Idempotency

What is Idempotency?

The Idempotent Consumer from the EIP patterns is used to filter out duplicate messages: it essentially acts like a Message Filter to filter out duplicates, as reported in the Camel documentation.

From the Enterprise Integration Patterns documentation: Sometimes the same message gets delivered more than once, either because the messaging system is not certain the message has been successfully delivered yet, or because the Message Channel’s quality-of-service has been lowered to improve performance. Message receivers, on the other hand, tend to assume that each message will be delivered exactly once, and tend to cause problems when they repeat processing because of repeat messages. A receiver designed as an Idempotent Receiver handles duplicate messages and prevents them from causing problems in the receiver application.

This is a very useful feature in the integration world and it is an important new feature in the camel-kafka-connector project. Apache Camel provides multiple implementation of the Idempotent Consumer, Camel-Kafka-connector supports the in Memory and Kafka implementations.

Usecases

Suppose you’re using a source connector of any kind. By using the idempotency feature you’ll be able to avoid consuming the same message multiple times.

This means, in the Kafkish language, you won’t ingest the same payload multiple times in the target Kafka topic.

image

In the sink scenario, we’ll stream out of a Kafka topic multiple records, transform/convert/manipulate them and send them to an external system, like a messaging broker, a storage infra, a database etc.

In the Kafka topic used as source we may have multiple repeated records with the same payload or same metadata.

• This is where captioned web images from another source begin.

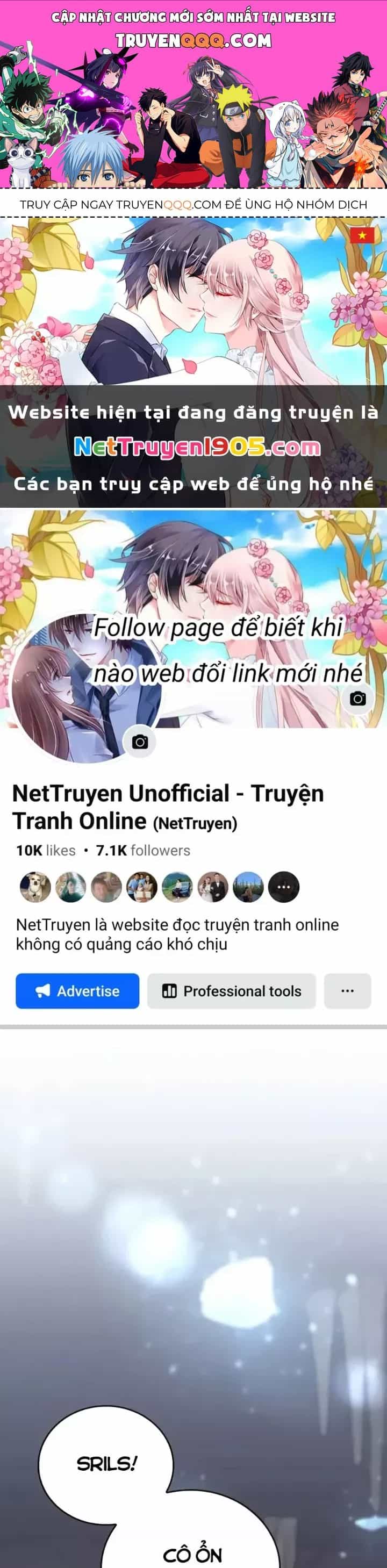 Hầm Ngục Mạnh Nhất - Chương 31 - ảnh 1
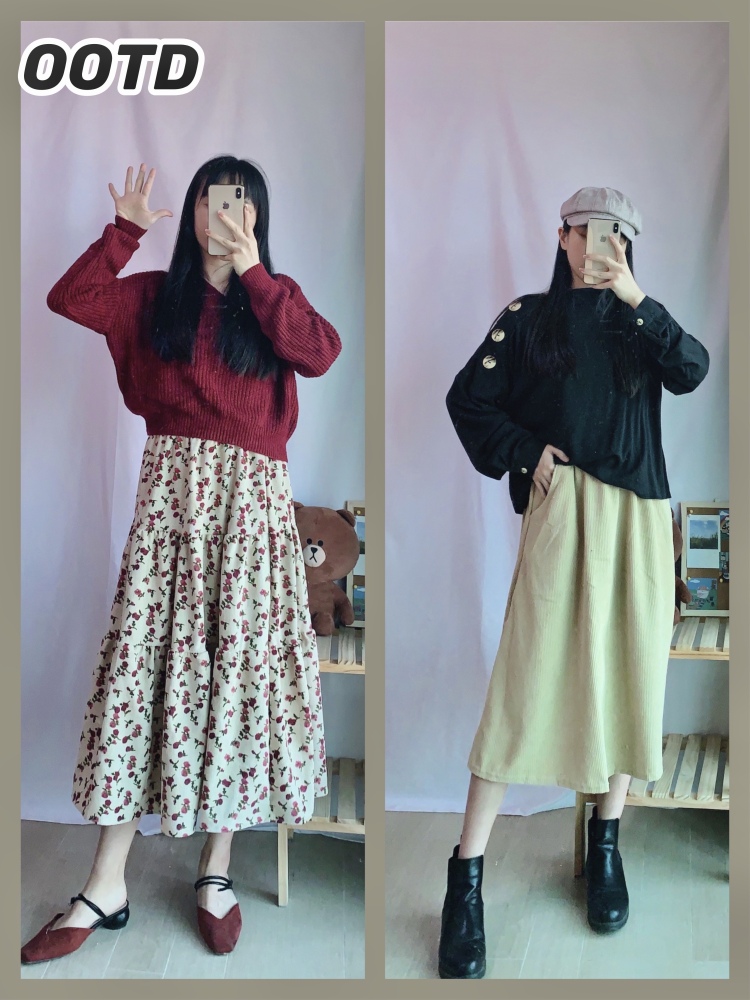 🔵-广东省·深圳市·龙岗区--接衣服买家秀，种草笔记推广。会拍照会p图出图快，在***有几百粉丝，希望大家互助互赢，金主爸爸请看我～！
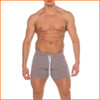 Go Sotwear Pacific 10" Lounge Short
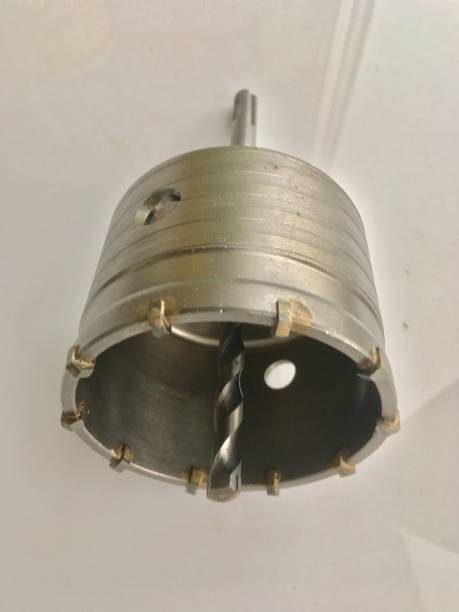 istock diamond ring drills for holes in concrete 1005053248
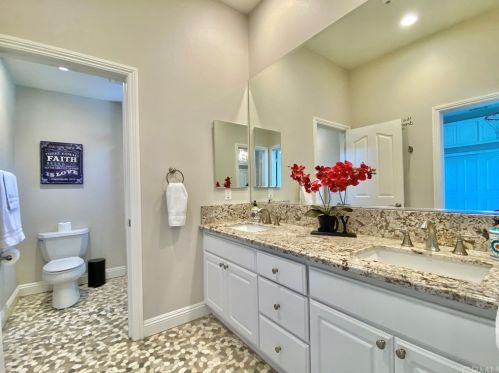 35350 Linda Rosea Rd, Temecula CA 92592-9532 exterior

Based on this information we can choose to skip the same records while sending data to the external system and for doing this we can leverage the idempotency feature of ckc.

image

Camel-Kafka-connector idempotency configuration

The idempotency feature can be enabled through a number of configuration options. In particular we are talking about:

Name Description Default

camel.idempotency.enabled

If idempotency must be enabled or not

false

camel.idempotency.repository.type

The idempotent repository type to use, possible values are memory and kafka

memory

camel.idempotency.expression.type

How the idempotency will be evaluated: possible values are body and header

body

camel.idempotency.expression.header

The header name that will be evaluated in case of camel.idempotency.expression.type equals to header

null

camel.idempotency.memory.dimension

The Memory dimension of the in memory idempotent Repository

100

camel.idempotency.kafka.topic

The Kafka topic name to use for the idempotent repository

kafka_idempotent_repository

camel.idempotency.kafka.bootstrap.servers

A comma-separated list of host and port pairs that are the addresses of the Kafka brokers where the idempotent repository should live

localhost:9092

camel.idempotency.kafka.max.cache.size

Sets the maximum size of the local key cache

1000

camel.idempotency.kafka.poll.duration.ms

Sets the poll duration (in milliseconds) of the Kafka consumer

100

The in-memory approach has been provided for short running connector workload, while the kafka one is for long running/interruptable connector.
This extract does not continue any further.